Thus far it has been assumed that feeling, however cultivated, will tend to modify external action. Yet I am fully aware of the common supposition that the cultivation of the moral and religious emotions may be carried to a high point without any perceptible effects on the outward life. The occasional appearance of a hopeless criminal with a large development of emotional sensibility, or of a Bulstrode in whom the apparently sincerest religious culture coexists with an inveterate moral infirmity, gives colour to the belief that lofty sentiment has no certain relation to lofty action, and that the systematic culture of the more ethereal element is but a sadly futile employment. Is this so? And if not, what is the precise value of the emotional element in morality?

In order to establish the existence of a relation between systematic emotional culture and right conduct, it would be necessary to collect a large number of very inaccessible facts. What number of men really carry out these secret offices, it is of course impossible to say. It might be something to the point to show that on the whole professedly religious men, and especially men known to be earnest adherents to their faith, are more easily trusted than non-professors, even by outsiders. But this result, if established, might clearly be due to the greater social restraint that surrounds a member of a religious community, and not to any private exercises of his religion. It is obvious, indeed, that the a posteriori method is inap

plicable to the study of a cause, the presence of which in any case is only a matter of inference. All that can be done is to reason deductively from what is known to be the mode of action of emotional influence in general.

Psychology marks off emotion as one of the three radical divisions of mind, and thus contrasts it in the sharpest manner with volition. Further, it is known that emotional activity, though always accompanied by ideas, may be carried on with comparative quiescence of the will. In all the moods of reverie, poetic fancy and religious aspiration, there is nothing but a spontaneous play of feeling and idea-a feeling calling up a harmonious image, the image in its turn ministering to the intensity of the feeling. Nor does this activity of a feeling necessarily involve any strong control of voluntary action. For first of all, the object of this cultivated sentiment may be of a highly ideal character, not presenting itself to the active mind as an attainable end. And secondly, though conscious action is always motived by some feeling, the intensification of a feeling does not always increase its force as a motive in a proportionate degree; for its tendency to do so may be counteracted by some strong defect of will, more particularly by the destructive effect of inveterate habit. When a course of life has been pursued uninterruptedly for a long period there is developed a force of cohesion between certain impressions and certain actions, which tends to remove the conduct from the region of conscious and modifiable phenomena. A drunkard's repentance to-day fails to influence his conduct to-morrow under sudden temptation, just because the rapid and automatic character of his habit allows no space in consciousness for the intervention of deterring memory. Another and very closely allied defect of will is due to the exciting and engrossing character of certain ideas. To some temperaments the very thought of certain modes of gratification is, so to speak, inflammatory. tends to fill the mind and to overwhelm the springs of action, leaving no room for the play of conscious choice. When either of these defects is very conspicuous a large amount of emotional selfculture may fail to produce any appreciable result on conduct.

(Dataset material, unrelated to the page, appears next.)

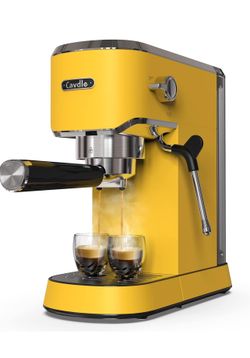 ☕️IMPRESSIVE ESPRESSO MACHINE☕️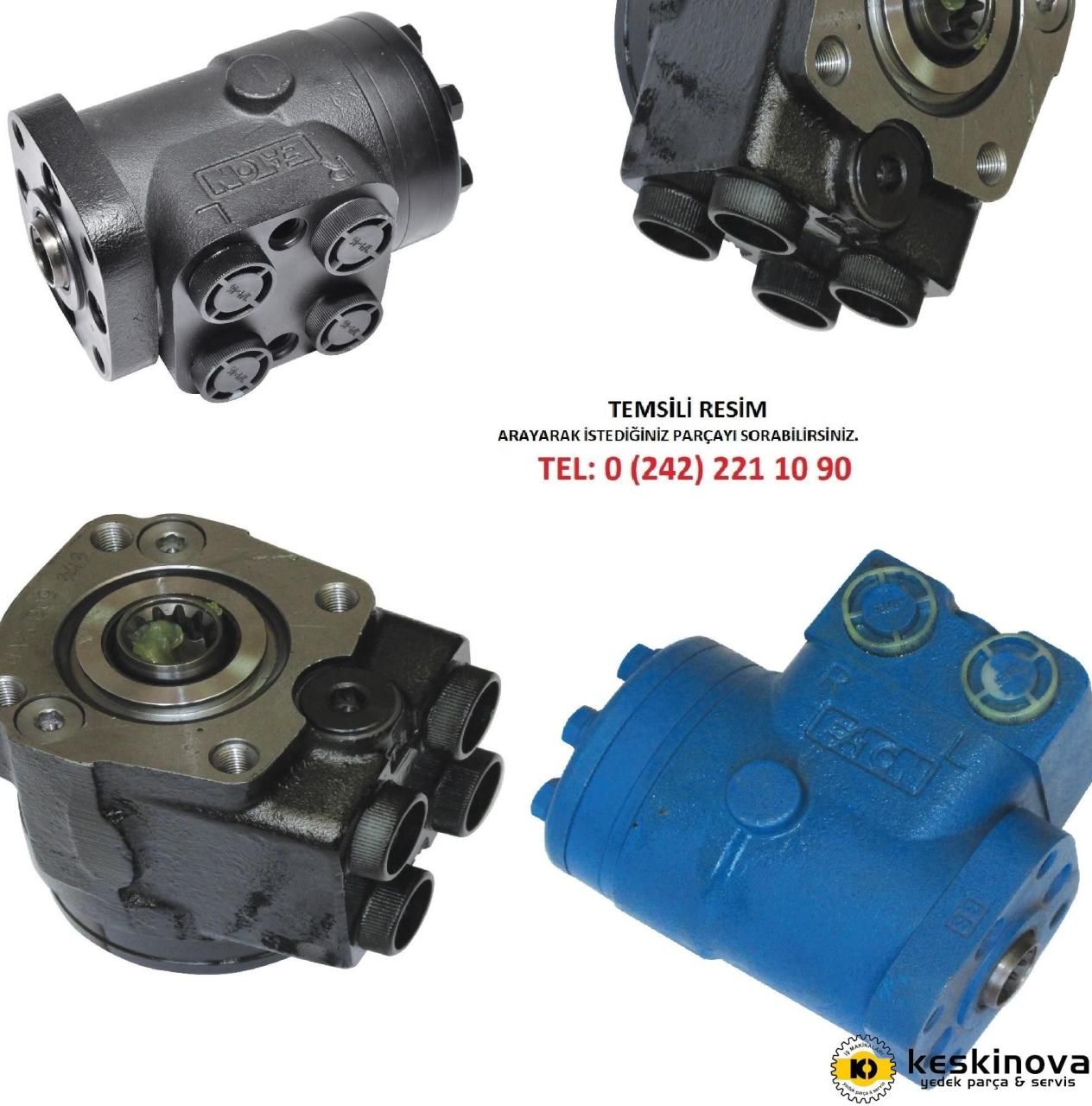 BAOLİ KFD04-001 OEM DANFOSS ŞAFTI KOMPLE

Applying these general considerations to the particular problem before us, namely, the influence of a cultivation of the moral feelings on external conduct, it may be said first of all that the object of feeling is in this case something eminently real and attainable. Even if certain forms of religious aspiration point to a purity and a perfection recognised as impossible on earth, it would seem that

moral aspiration, if in the least degree reflective, must take account of daily possibilities and daily temptations. Notwithstanding such baffling characters as that of Bulstrode, it may be assumed that in most men the sense of consistency is too powerful to admit of the co-existence of strong moral feeling with daily delinquency. The discord of the conflicting forces would be so great as to effect, in co-operation with the stronger, the subjection of the weaker. If there only exist clear ideas of what is right and noble, it seems certain that a frequent cultivation of a revering sentiment towards these objects will tend to promote the active pursuit of them. And it is hard to see how this effect can fail to be produced when the self-discipline takes the form of a daily survey of achievement and failure. It is no doubt conceivable that the defects of will referred to may prove invincible; and in that case the result must be either a maddening misery or a reckless abandonment of upward effort. But in all healthy and normal conditions of mind, where there is no habit or impulse so strong but that it may be modified by new motive, the range of influence open to such self-appointed discipline seems to be a very wide one. The worthiest natures have been able, by means of this steady exercise of thought and feeling, to reach daily to a higher level of excellence. And even in the case of the weaker moral structures, such activities may serve in unknown measure to break the occasional fall and to confine within a smaller circle the corrupting influence of some ineradicable "taints of blood."

While moral desire, because of its eminently practical character, seems fitted to accelerate attainment, it may be added that a steady and systematic cultivation of it is in itself a considerable exercise of the will. Unlike a purely spontaneous outflow of emotion, the deliberate cultivation of moral feeling is a laborious task which men will only undertake under the pressure of a strong and urgent reason. To nobody can it be a highly grateful occupation to exercise that moral self-criticism of which we have been speaking; and the development of a high moral sensibility can scarcely fail to bring suffering with it, as the mind recognises the meanness of actual attainment. Especially with the modern conditions of life, it is a matter of immense difficulty, requiring great firmness of resolve, to secure a periodic quiet for grave reflection and saddening selfscrutiny. Hence the man who succeeds in maintaining this habit has, ipso facto, done much to prop up the barriers of will against the stormy inroads of impulse.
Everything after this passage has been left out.